Grameen Banking Methods and Outcomes

Grameen banking is intended and focused to do away with poverty. The bank and the Grameen Foundation make no bones about it: They are trying to eradicate a way of life that has impoverished men and women for hundreds of years, and they are doing this one micro-loan at a time.

Loans to Poor People

Grameen banking makes very small loans, usually $50 to $300, available to individual borrowers, and those borrowers will always be poor people, perhaps situated in a rural Bangladeshi village. These are people whom a bank officer has met personally to determine their character and their needs.  It may be true, as well as a neat saying, that “The less you have, the more you get.”

Collateral Is Very Different

The rural poor who do business with Grameen are their own collateral. That is, they will not put up an automobile, a house, or even a cow in order to take a loan. The reason for this? They are the poor, and the bank intends to make them less so through the operation of a business venture that they will start by themselves. Taking tangible collateral from them would be difficult in most cases; they might not have anything to take.
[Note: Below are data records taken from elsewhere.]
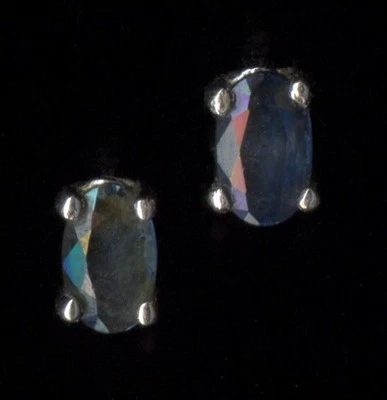 10K 2/5 .40 Carat Solid White Gold Oval Blue Sapphire Solitaire Earrings mR - Image 1 of 2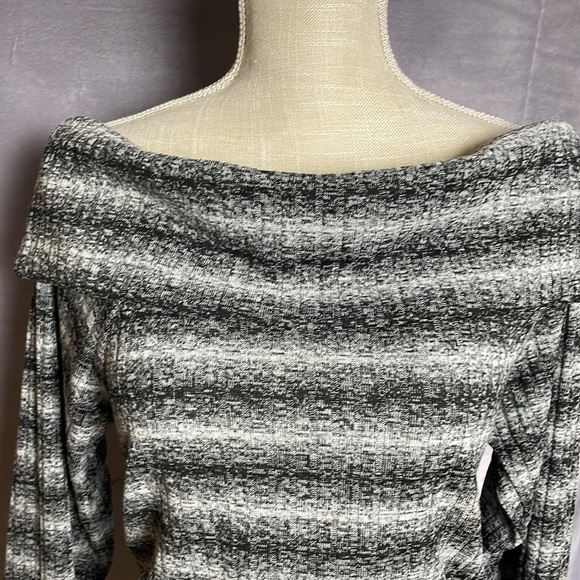 Two by Vince Camuto. Off Shoulder Tunic Sweater - Picture 4 of 8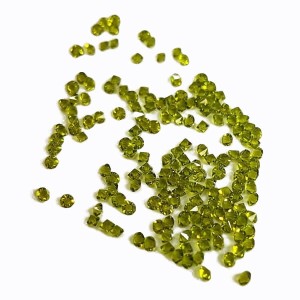 22. Mini cyrkonie 1,5mm Allepixie 2g 900 sztuk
A Borrower with Four Friends

If a prospective borrower can find four friends with whom she is comfortable working, she is on her way to success at finding a micro-loan from Grameen Bank. This is because the five friends are a working project group, and it is their pledge that they will support one another both in the production phase of their project, that is, making goods or providing services, and in the pay-back phase.  Most loans are repaid in six or twelve months, and the groups will to succeed helps to make that repayment a happy reality.

One’s Default Is the Group’s Default

As in any business, there must be rules, though Grameen’s rules are as generous as the financial world will ever produce.  Only one or two persons in a project group may take loans. After those are repaid, others may take loans, but only by proving that they will responsibly retire the debt in concert with their working group. It is thus peer pressure and the pride of achievement that keeps repayment rates for Grameen above 95 percent.

Grameen began a new way of approaching the situation of the world’s poorest inhabitants. Their initiative has paid off in millions of healthier, wealthier banking customers, who, as a result of their community work, now live in villages and towns less impacted by the terrible poverty they once knew.

Despite the fact that Grameen now has loaned the equivalent of more than a billion dollars, their bankers still do not work in high-end financial circles. Their intentions are still the same, to knock out world poverty by changing the situations of poor people for the better. They continue to give tiny loans, and the world sees corresponding changes to poor people’s hopes. It is working, as promised.